You're preaching to the choir man.
Yes, we've had some solid CO's, and I worked for the one of which you speak. But the guy who followed him was a DASC turned UAV guy, and now a Prowler guy. That's tough for continuity, and each squadron may do things drastically differently.
Is it getting better? Sure. But we're not there, and 30 years of somewhat botched history has made it tough.
We're not ready for MQ-9. We say we are, but... We're not at that level- some of us are, but we're wearing pilot/NFO wings on our chests. I argue that our training pipelines are too short, and our T&R manual doesn't have enough codes and too many of them can be completed in the simulator. Very few of our WTIs can hold a candle to other aviation communities' WTIs.
One of those awesome COs (a short, bald, Harrier guy) told me once, "Swanee, one day we'll be able to run, but first we have to figure out how to take the clown shoes off."
I want buy in, I want money for legitimate training and a legitimate training pipeline.
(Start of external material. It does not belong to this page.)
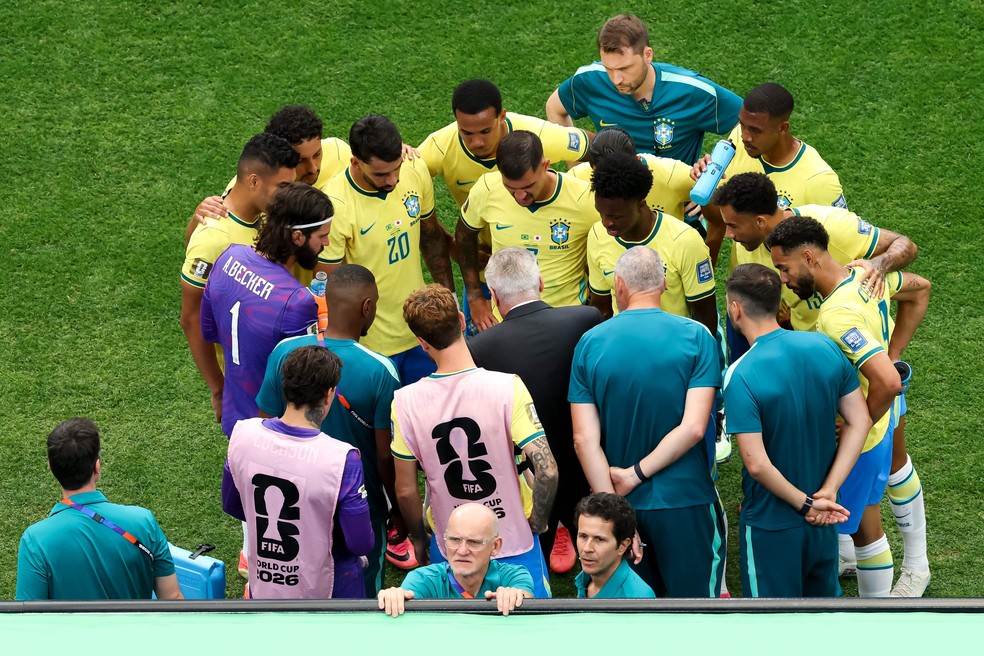 Seleção Brasileira durante pausa para hidratação em partida contra o Japão — Foto: Molly Darlington/Getty Images/AFP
I want my peers to have to have the same level of aviation knowledge that we were required to have when we winged. I want my peers to be better and I want the bar to be higher. I want the "It's just a UAV" attitude to go away.
You guys should absolutely be frustrated when you work with VMU. We've spent too much time operating in a ROZ, on a preprogrammed route, circling in the overhead pointing our camera at whatever we see, without actually knowing what being really good at what you do means.